For simple one-shot queries (“Get the status of this service”), regular tool calling is still fine.
Tool Use Examples: less RFC-style schemas, more real JSON
A third pain point is familiar to anyone who has ever exposed internal APIs to a model: JSON can be syntactically valid but semantically wrong.
Schemas can say that a field is a string, but they don’t tell you:
- What date format is expected.
- How IDs are structured.
- Which optional fields are usually filled together.
- Which parameter combinations represent a “critical incident” versus a normal ticket.
With Tool Use Examples, each tool definition can embed several real input examples.
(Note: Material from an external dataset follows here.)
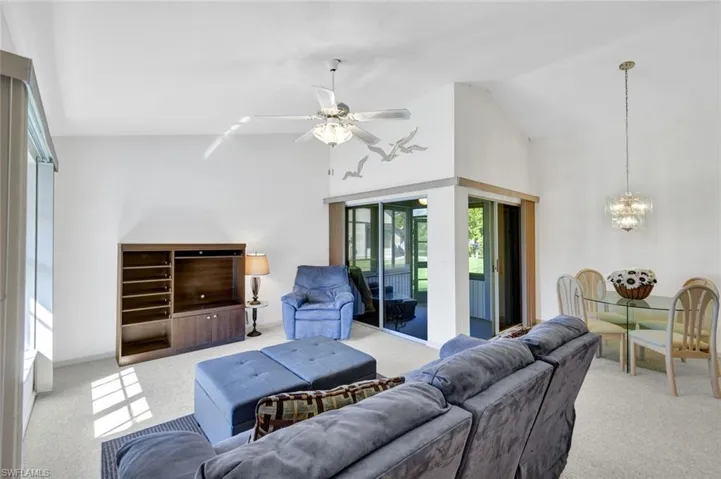Living room with view of dining area and screened sunroom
They are part of the tool definition itself, not separate documentation.
For an incident creation endpoint, you might include:
- A critical production incident with all fields populated (service, severity, labels, escalation, SLA, on-call contact).
- A low-priority feature request with minimal info.
- An internal housekeeping task with just a title.
From those examples, Claude infers:
- The concrete date format you use (simple ISO, ISO with timezone, etc.).
- How internal IDs look.
- When it makes sense to include contact data, SLA or additional labels.
- Which severity levels are associated with which kinds of incidents.
In Anthropic’s tests, this approach greatly improves the rate of tool calls with correct parameters, especially for complex, option-rich APIs.
What this means for platform and dev teams
For an audience of system administrators and developers, the takeaway is that agents are moving from demo territory towards internal platform tooling.
Some realistic scenarios:
- SRE / operations copilots that:
- Query metrics, logs and traces across several observability tools.
- Run health checks in parallel and summarise issues.
- Open tickets, post updates in Slack and modify runbooks.
- DevOps / GitOps assistants that:
- Inspect pipeline and deployment status.
- Propose changes to manifests, open PRs and comment on impact.
- Orchestrate repetitive operations with Programmatic Tool Calling instead of giant prompts.
- Internal support agents that:
- Consult multiple systems (CMDB, host inventory, user directory).
- Apply business rules in code rather than guesswork.
- Return clear answers to support staff or end users.
In every case, the three features play distinct roles:
- Tool Search Tool → efficient discovery in large catalogues of APIs.
- Programmatic Tool Calling → efficient, scalable execution and orchestration.
- Tool Use Examples → precise, semantically correct API calls.
The promise from Anthropic is that, by combining these pieces, Claude can act as another automation layer in your stack—on the same level as Terraform, Ansible or your CI/CD pipelines—only driven by natural language.
For platform teams already experimenting with MCP or custom integrations, these updates may be what was missing to move from lab experiments to something that can actually live alongside production workflows.